Building strong credit matters, no matter what financial goals you’ve set for yourself, but it’s essential in order to apply for a mortgage loan. Your lender will look at a number of factors when reviewing your loan application, and your credit history is weighed heavily when it comes to gaining approval for a mortgage.
Your credit history can be summed up into a single number, your FICO credit score. This score is used to determine your creditworthiness when it comes to applying for a credit card, buying a car and, of course, buying a house. This number is calculated based on five different factors:
- New credit accounts opened – 10%
- Healthy mix of credit (credit cards, loans, etc.) – 10%
- Length of credit history – 15%
- Debts owed – 30%
- Payment history – 35%
Though weighted differently, all of these factors matter when it comes to your credit score, so it’s important to build and maintain your credit history carefully and strategically.
Why Good Credit Matters
Buying a house isn’t just about picking out the perfect home – it’s about being financially prepared to take on one of the biggest investments you’ll make in your life. When you apply for a mortgage, your lender truly wants to ensure you’re ready to take on the financial responsibility of owning a home, which is why there’s such a big emphasis placed on your credit history and score. As you can imagine, the higher your credit score, the better your chances of being approved for a mortgage.
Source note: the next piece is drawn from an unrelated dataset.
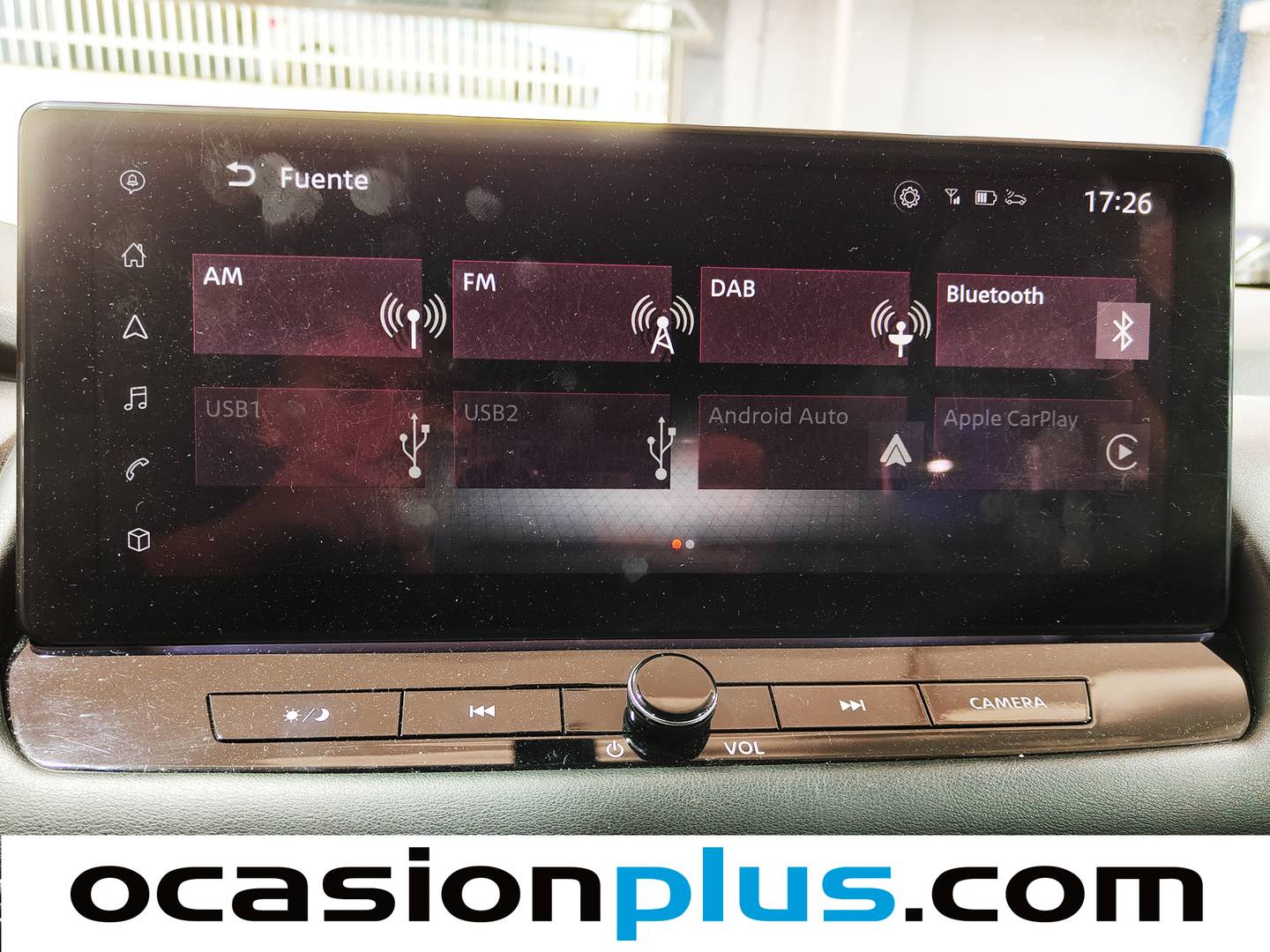 Extras del Nissan X-TRAIL Nissan X-Trail 1.5 e-4ORCE N-Connecta 4X4 AT (213 CV)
How to Establish Good Credit
Building good credit doesn’t happen overnight, but there are many ways you can strengthen your financial background over time. It’s never too early to start working on your credit and the sooner you do, the better off you will be when it comes time to buy a home. Below, we will highlight seven methods for building a strong credit history.
Check Your Credit
First things first, you should be aware of your current credit score and history. You can obtain a free credit report from each of the three reporting bureaus (Equifax, Experian, and TransUnion) annually by visiting annualcreditreport.com. Not only does this information let you know where you stand financially, but it can also highlight any errors listed on your report, which should always be fixed as soon as possible.
Keep Your Oldest Line of Credit Open
When it comes to building credit, you have to start somewhere. No one is born with great credit, it must be established over time. That’s why it’s beneficial to get started early and to continue maintaining your very first line of credit even years down the road.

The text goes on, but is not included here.